Exercise objective
Look below for the lines from the one with "Звездочка под втулку" to the one with "Двигатель Toyota Dyna", and copy exactly those lines, both ends included.

Provided material
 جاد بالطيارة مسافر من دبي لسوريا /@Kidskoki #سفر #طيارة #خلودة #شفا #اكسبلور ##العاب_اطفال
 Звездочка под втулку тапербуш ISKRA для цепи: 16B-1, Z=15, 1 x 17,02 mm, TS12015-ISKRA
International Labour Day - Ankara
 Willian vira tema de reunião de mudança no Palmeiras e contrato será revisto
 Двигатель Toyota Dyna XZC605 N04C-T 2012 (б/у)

...

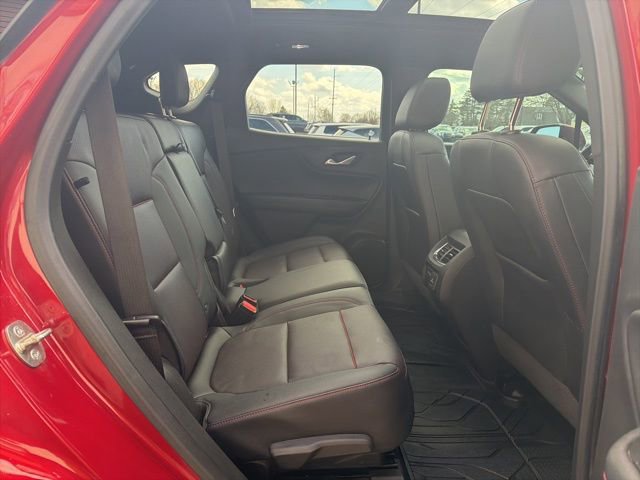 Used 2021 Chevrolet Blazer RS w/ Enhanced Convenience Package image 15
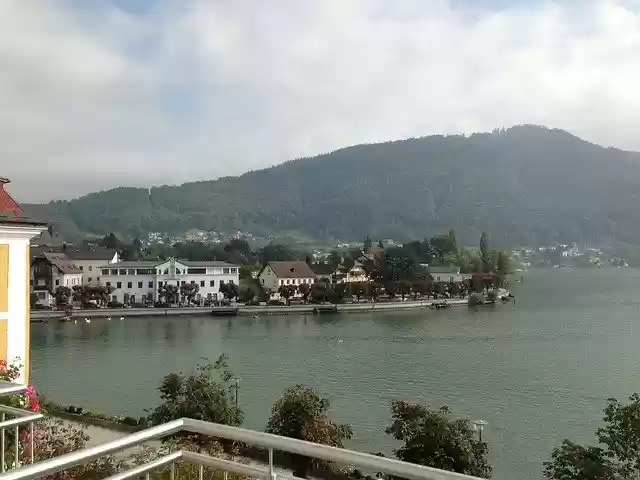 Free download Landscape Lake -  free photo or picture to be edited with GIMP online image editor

Finished exercise
 Звездочка под втулку тапербуш ISKRA для цепи: 16B-1, Z=15, 1 x 17,02 mm, TS12015-ISKRA
International Labour Day - Ankara
 Willian vira tema de reunião de mudança no Palmeiras e contrato será revisto
 Двигатель Toyota Dyna XZC605 N04C-T 2012 (б/у)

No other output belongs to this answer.